▶ [WHAT TO PRODUCE]: For the material that follows, return exactly the lines from the one with "Stretch marks causes" through the one with "インプラント症例集｜栃内歯科医院", both ends included.

[Opening STORED DATA section]

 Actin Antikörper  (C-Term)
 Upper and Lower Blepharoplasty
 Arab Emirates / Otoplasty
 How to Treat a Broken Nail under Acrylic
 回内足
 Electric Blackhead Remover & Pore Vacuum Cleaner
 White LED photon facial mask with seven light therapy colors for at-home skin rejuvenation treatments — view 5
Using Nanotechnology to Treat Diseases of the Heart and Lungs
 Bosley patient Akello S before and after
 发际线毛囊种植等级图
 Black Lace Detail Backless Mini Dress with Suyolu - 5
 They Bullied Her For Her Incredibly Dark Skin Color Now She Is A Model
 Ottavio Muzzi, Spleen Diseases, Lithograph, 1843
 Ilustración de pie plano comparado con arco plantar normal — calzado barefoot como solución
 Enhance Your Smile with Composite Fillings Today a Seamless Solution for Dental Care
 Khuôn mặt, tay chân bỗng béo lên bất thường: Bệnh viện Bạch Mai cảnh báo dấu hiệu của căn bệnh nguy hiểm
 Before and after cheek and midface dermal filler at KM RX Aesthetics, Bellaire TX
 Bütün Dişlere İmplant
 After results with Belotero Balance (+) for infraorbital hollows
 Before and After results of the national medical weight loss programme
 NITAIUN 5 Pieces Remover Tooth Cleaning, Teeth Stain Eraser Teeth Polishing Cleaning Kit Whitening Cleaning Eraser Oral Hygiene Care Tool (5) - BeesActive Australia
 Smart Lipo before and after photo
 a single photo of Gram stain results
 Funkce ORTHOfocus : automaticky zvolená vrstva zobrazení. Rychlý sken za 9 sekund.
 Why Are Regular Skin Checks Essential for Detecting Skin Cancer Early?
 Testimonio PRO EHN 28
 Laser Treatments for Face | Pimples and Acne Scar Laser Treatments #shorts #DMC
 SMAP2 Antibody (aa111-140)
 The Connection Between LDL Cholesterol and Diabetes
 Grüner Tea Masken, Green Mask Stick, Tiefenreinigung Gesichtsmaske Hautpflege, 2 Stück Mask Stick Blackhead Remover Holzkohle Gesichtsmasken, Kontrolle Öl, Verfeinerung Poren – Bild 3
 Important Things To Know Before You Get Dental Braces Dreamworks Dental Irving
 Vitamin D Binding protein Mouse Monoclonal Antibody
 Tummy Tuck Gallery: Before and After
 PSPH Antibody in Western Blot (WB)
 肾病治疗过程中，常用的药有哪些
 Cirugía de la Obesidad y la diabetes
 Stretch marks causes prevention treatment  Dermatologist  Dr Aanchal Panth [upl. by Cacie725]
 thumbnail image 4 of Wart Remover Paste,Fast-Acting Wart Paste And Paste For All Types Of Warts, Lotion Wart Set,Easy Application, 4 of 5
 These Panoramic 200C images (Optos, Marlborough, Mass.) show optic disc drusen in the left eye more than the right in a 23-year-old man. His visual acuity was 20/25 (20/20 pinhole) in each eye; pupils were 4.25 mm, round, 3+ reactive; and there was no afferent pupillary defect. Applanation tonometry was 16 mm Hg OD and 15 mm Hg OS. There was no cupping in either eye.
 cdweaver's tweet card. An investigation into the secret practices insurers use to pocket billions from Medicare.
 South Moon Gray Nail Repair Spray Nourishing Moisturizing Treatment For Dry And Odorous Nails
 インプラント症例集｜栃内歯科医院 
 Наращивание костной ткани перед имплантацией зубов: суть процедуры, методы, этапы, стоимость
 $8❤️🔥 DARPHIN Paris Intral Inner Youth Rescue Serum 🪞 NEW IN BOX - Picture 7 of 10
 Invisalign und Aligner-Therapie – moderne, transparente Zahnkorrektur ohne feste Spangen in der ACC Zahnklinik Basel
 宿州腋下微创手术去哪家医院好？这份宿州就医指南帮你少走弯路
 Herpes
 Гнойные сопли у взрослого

[Closing STORED DATA section]

▶ [SOLUTION TO THE PROBLEM]:
 Stretch marks causes prevention treatment  Dermatologist  Dr Aanchal Panth [upl. by Cacie725]
 thumbnail image 4 of Wart Remover Paste,Fast-Acting Wart Paste And Paste For All Types Of Warts, Lotion Wart Set,Easy Application, 4 of 5
 These Panoramic 200C images (Optos, Marlborough, Mass.) show optic disc drusen in the left eye more than the right in a 23-year-old man. His visual acuity was 20/25 (20/20 pinhole) in each eye; pupils were 4.25 mm, round, 3+ reactive; and there was no afferent pupillary defect. Applanation tonometry was 16 mm Hg OD and 15 mm Hg OS. There was no cupping in either eye.
 cdweaver's tweet card. An investigation into the secret practices insurers use to pocket billions from Medicare.
 South Moon Gray Nail Repair Spray Nourishing Moisturizing Treatment For Dry And Odorous Nails
 インプラント症例集｜栃内歯科医院 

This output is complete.